> [TASK REQUIREMENTS]: The records that follow are to be given again exactly. Do not carry over any image.

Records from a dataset

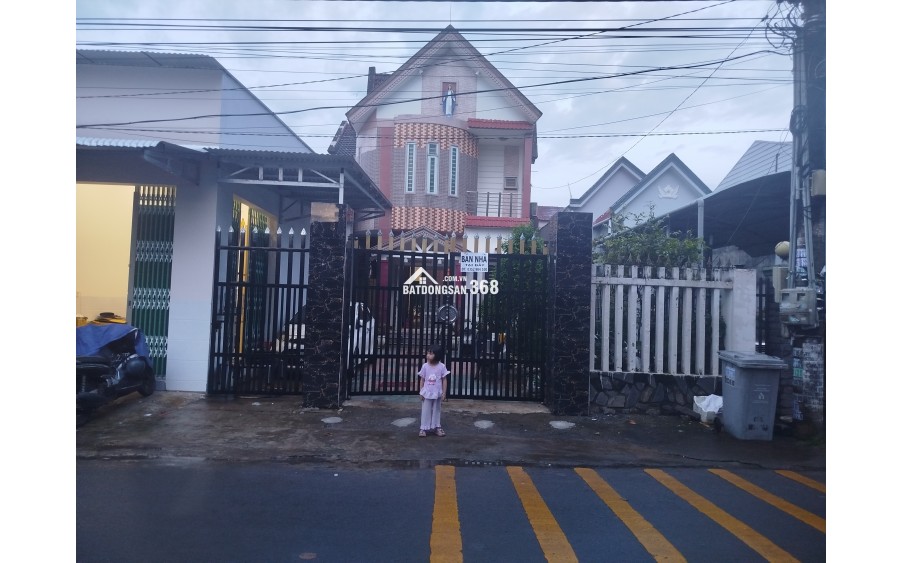 Cần bán nhà đất biệt thự đường Tây Hòa 02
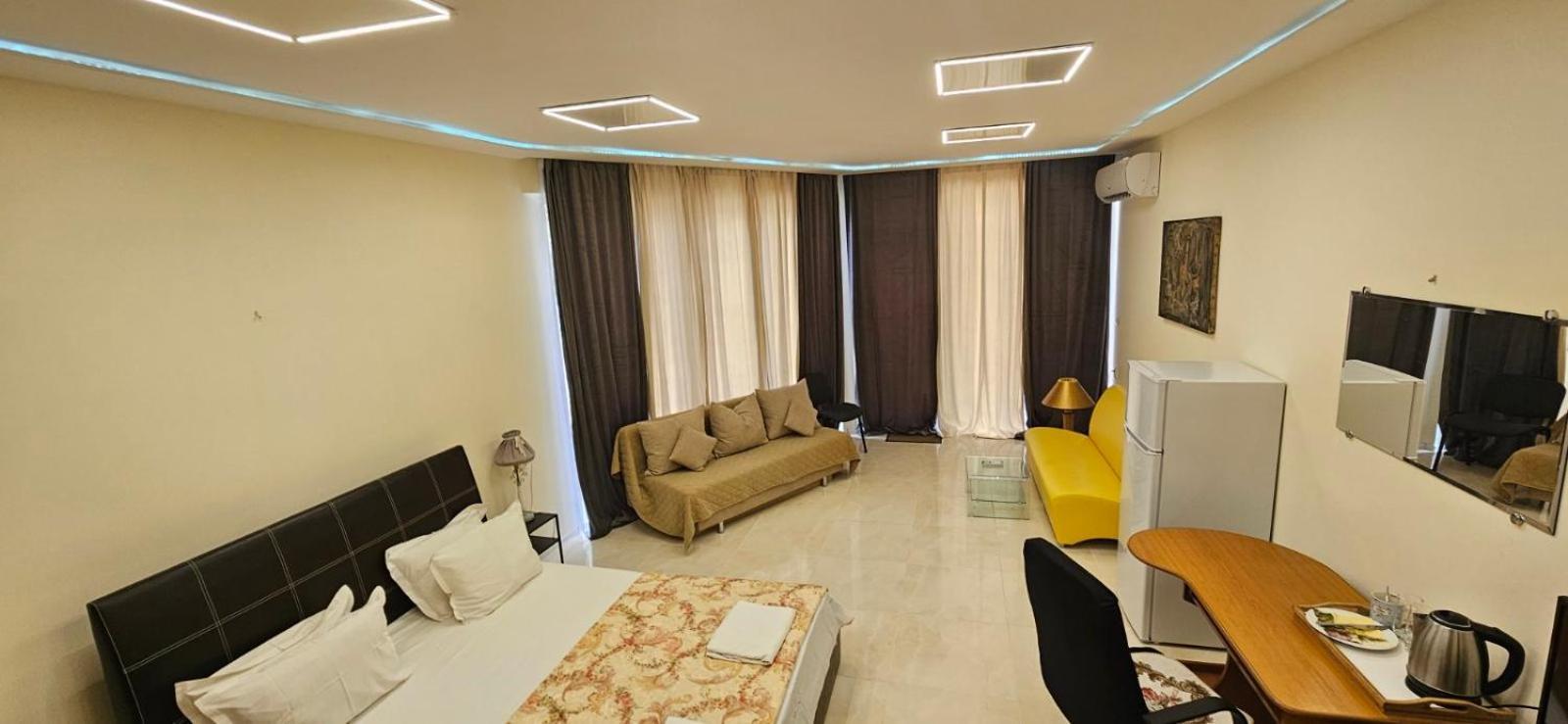 Guesthouse Zanier ネセバル エクステリア 写真
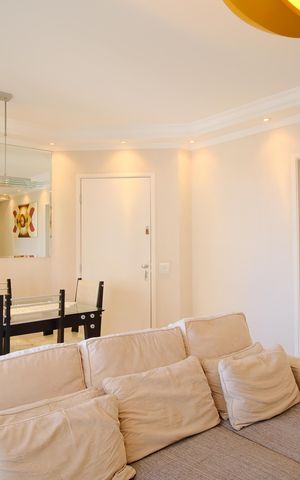 Apartamento à venda com 93m², 4 quartos e 2 vagasSala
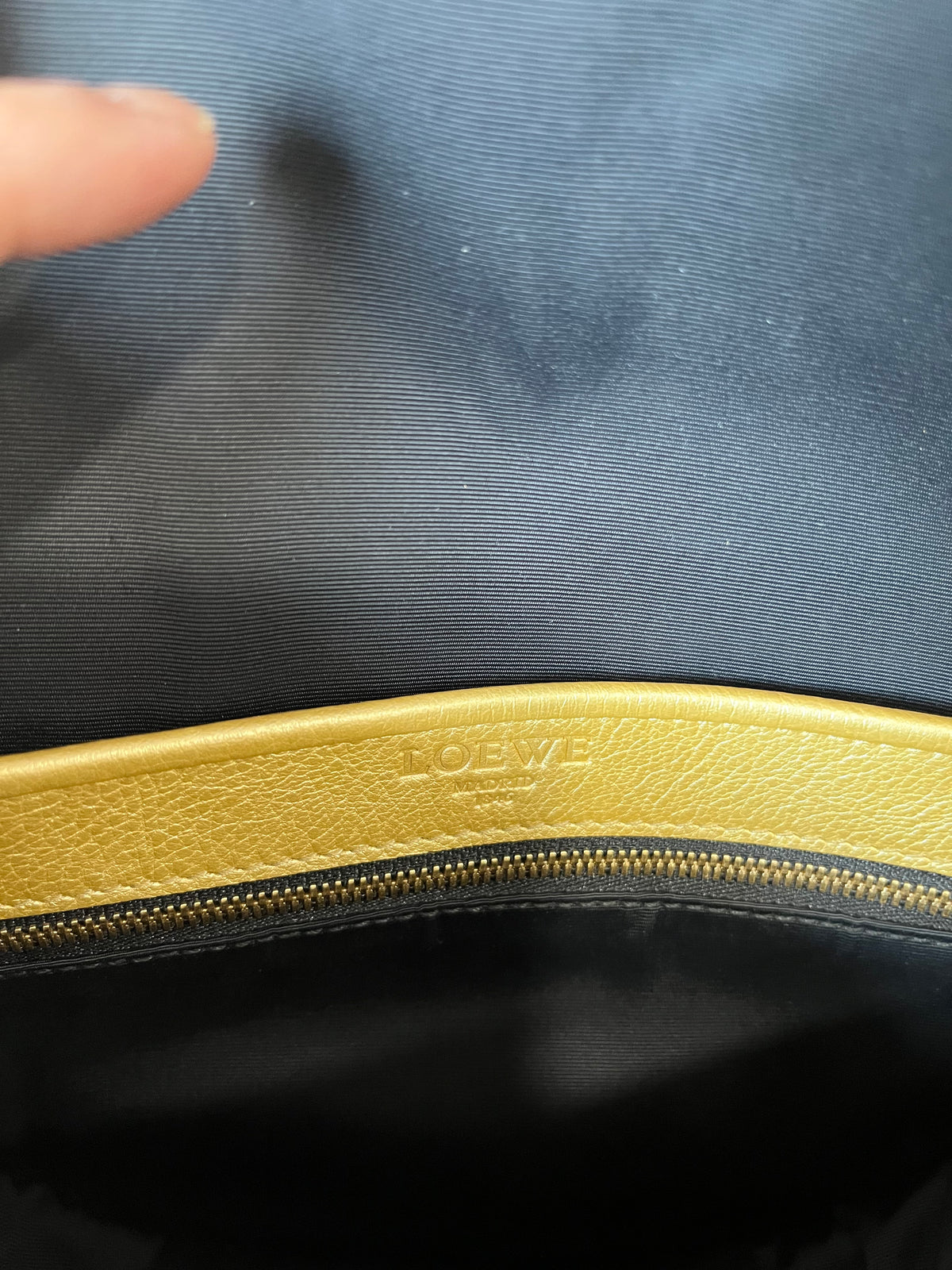 Loewe Heritage pequeña Bandolera Piel Graneada Dorada Metalizada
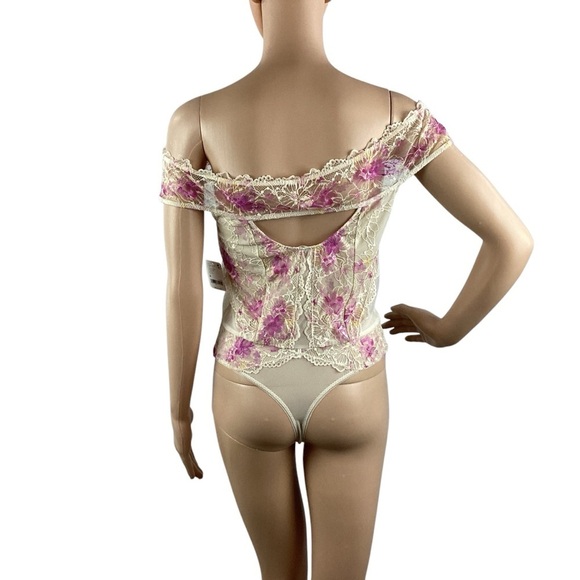 Free People Intimately Bodysuit Size M Off Shoulder Floral Lace Ivory Pink - Picture 5 of 9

> [WRITTEN ANSWER]:
 Cần bán nhà đất biệt thự đường Tây Hòa 02
 Guesthouse Zanier ネセバル エクステリア 写真
 Apartamento à venda com 93m², 4 quartos e 2 vagasSala
 Loewe Heritage pequeña Bandolera Piel Graneada Dorada Metalizada
 Free People Intimately Bodysuit Size M Off Shoulder Floral Lace Ivory Pink - Picture 5 of 9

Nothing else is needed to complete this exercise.